Top of EXERCISE DATA

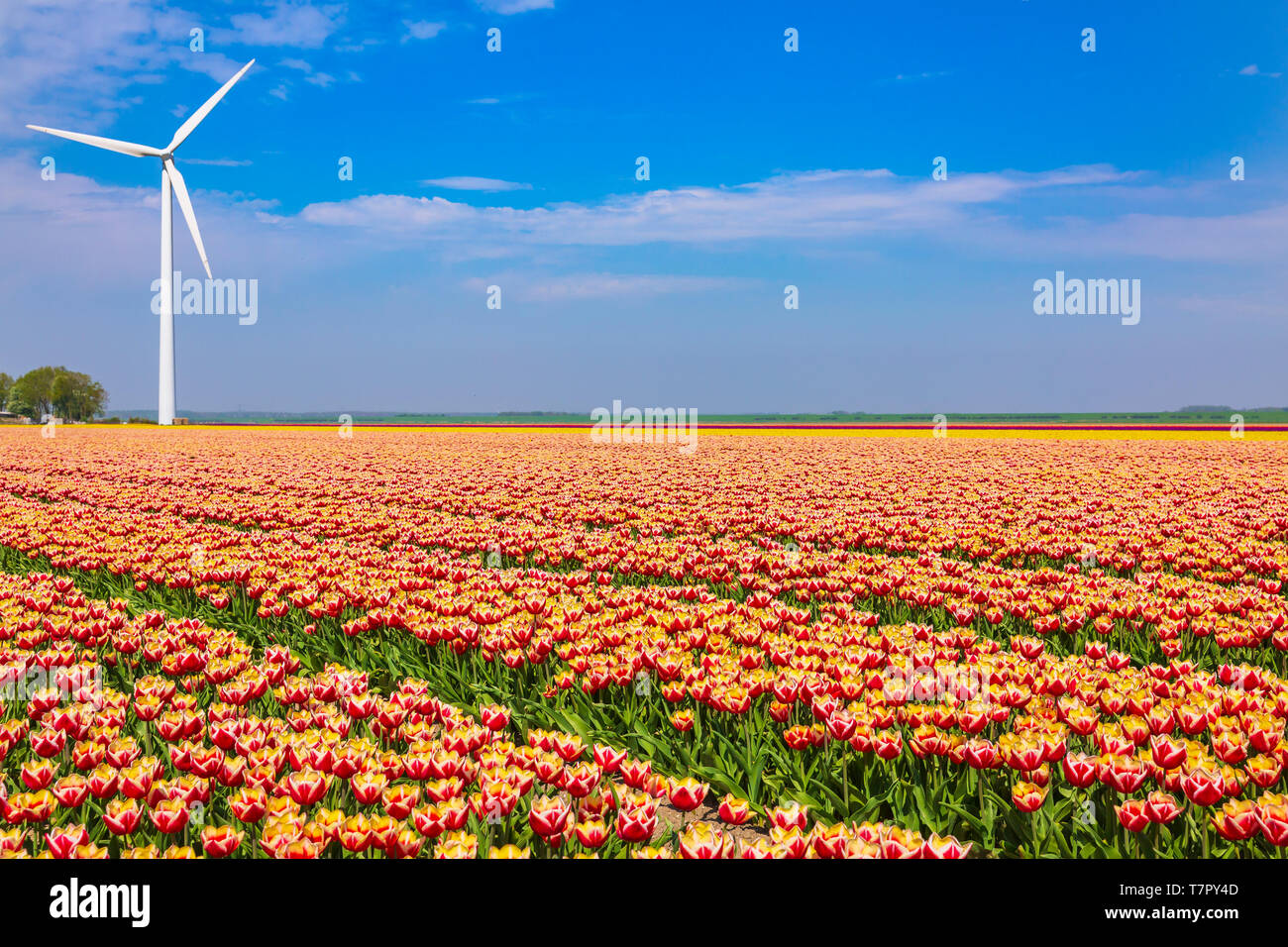 Colorful Dutch tulips in a flower field and a windmill in Holland under ...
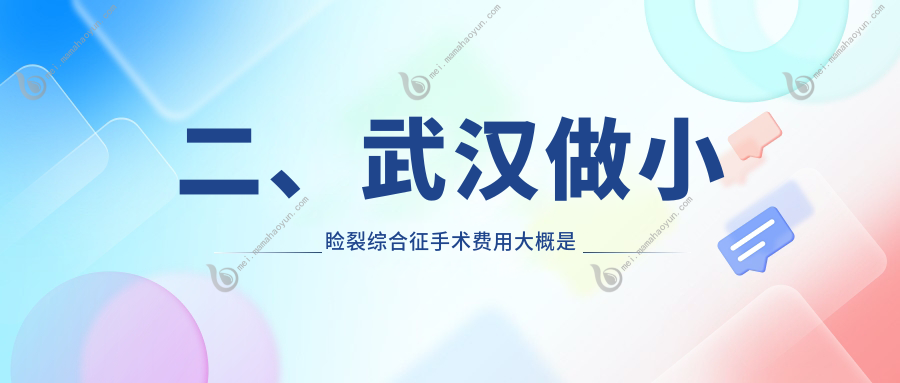二、武汉做小睑裂综合征手术费用大概是多少钱？观视界5560/艾格5360/何氏精益4498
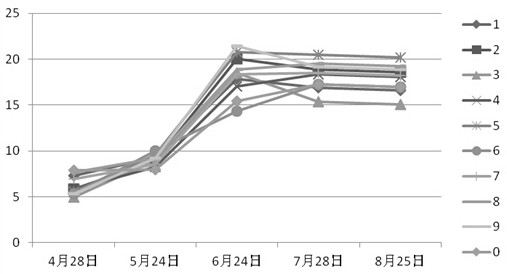 A method for high-efficiency large-scale cultivation of Houttuynia cordata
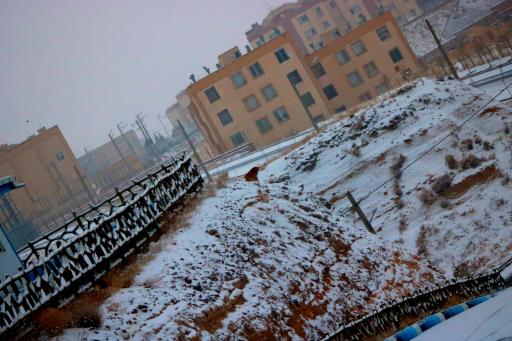 عکس پارک کوهستان اندیشه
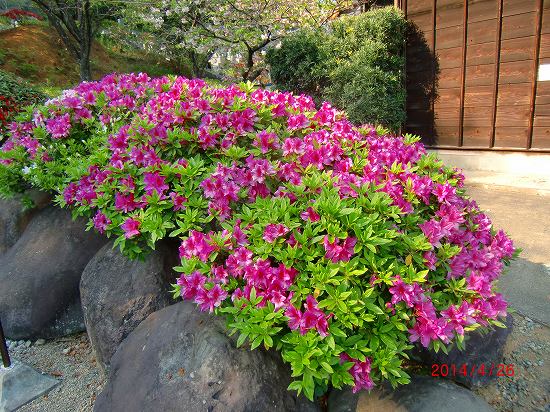 花、再び、、、 029.jpg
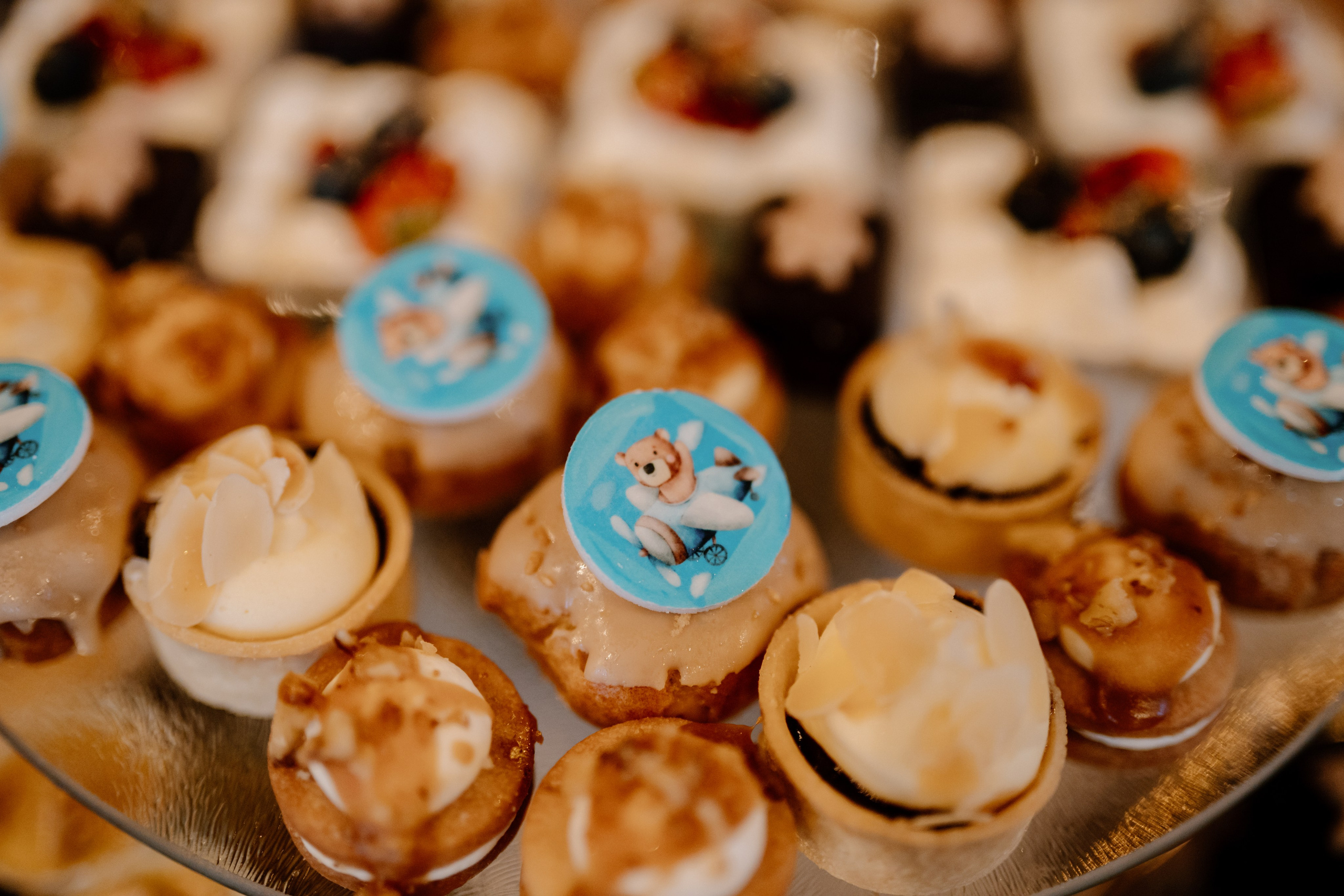 Amza — 1 year. Gabrielacojocariu.com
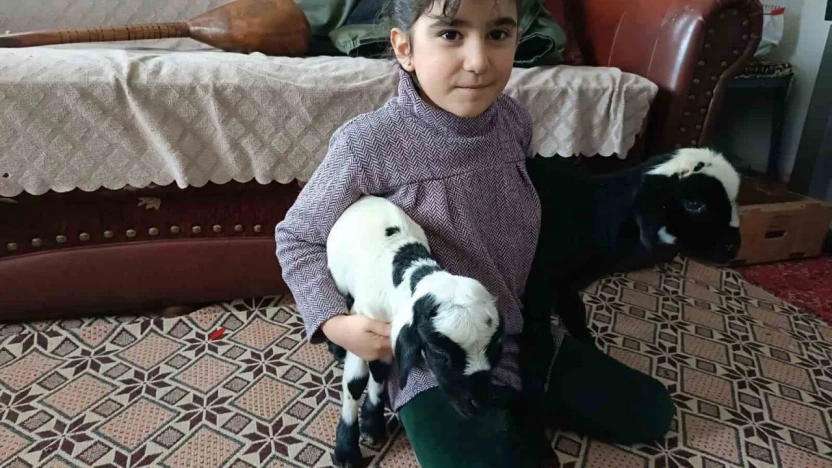 Soğuk hava kuzuları eve taşıdı: Elazığ'da yeni doğan kuzular biberonla besleniyor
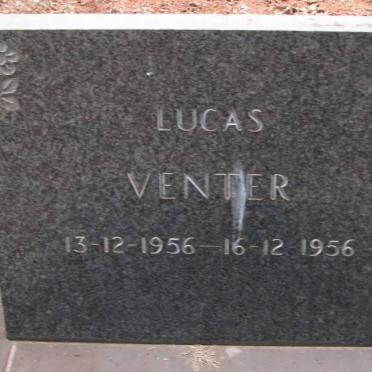 VENTER Lucas 1956-1956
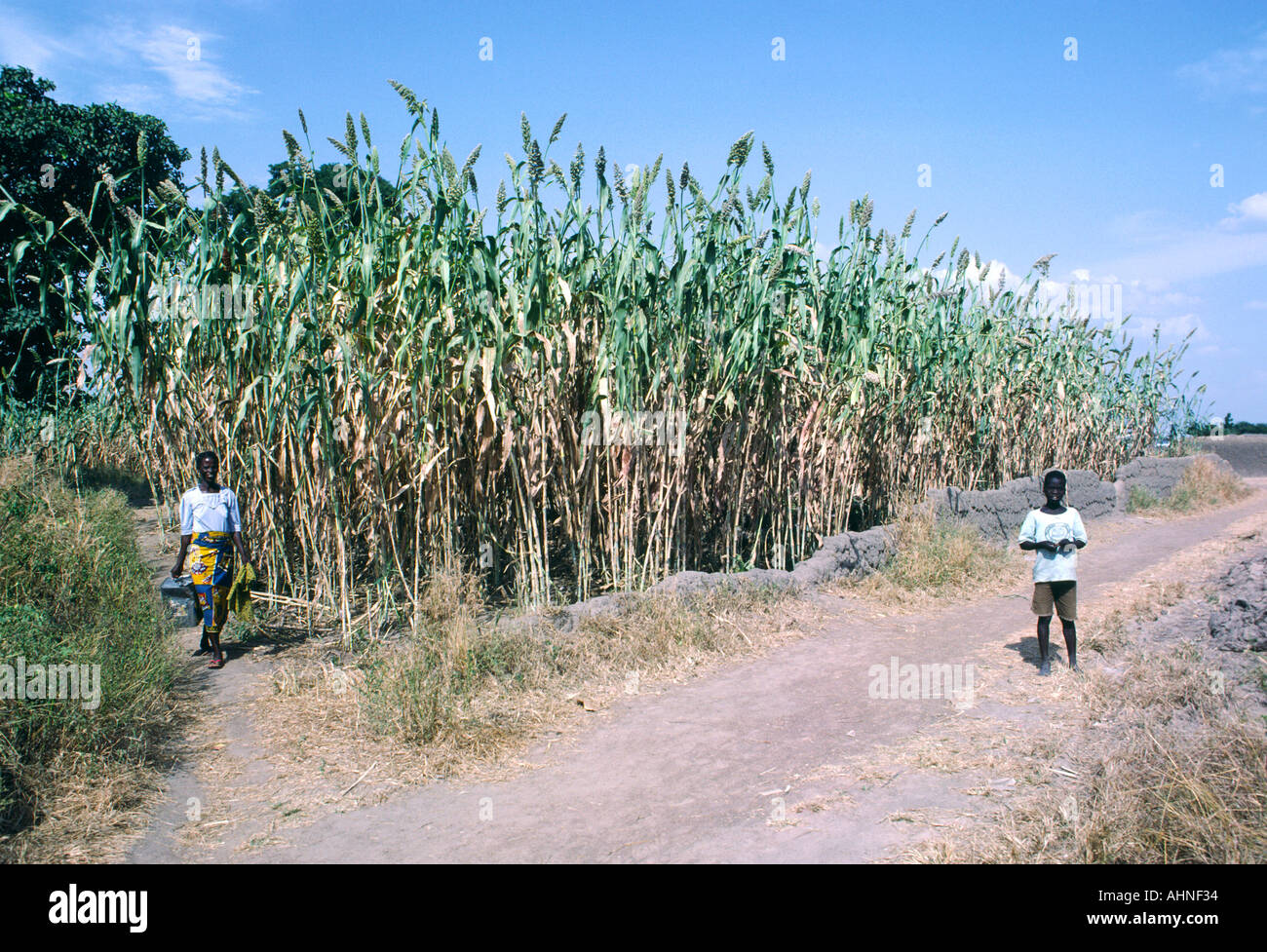 Guinea-Maispflanzen. Frau und jungen sind in der Regel Bereich der Reife Maisstroh in Stadt Lassa, Borno State, Nigeria, Westafrika Stockfoto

Bottom of EXERCISE DATA

TASK GOAL:
Pictures are to be left out; the answer must otherwise be exactly the lines from the one with "عکس پارک کوهستان اندیشه" through the final line of the entries above, both included.

ANSWER SECTION:
 عکس پارک کوهستان اندیشه
 花、再び、、、 029.jpg
 Amza — 1 year. Gabrielacojocariu.com
 Soğuk hava kuzuları eve taşıdı: Elazığ'da yeni doğan kuzular biberonla besleniyor
 VENTER Lucas 1956-1956
 Guinea-Maispflanzen. Frau und jungen sind in der Regel Bereich der Reife Maisstroh in Stadt Lassa, Borno State, Nigeria, Westafrika Stockfoto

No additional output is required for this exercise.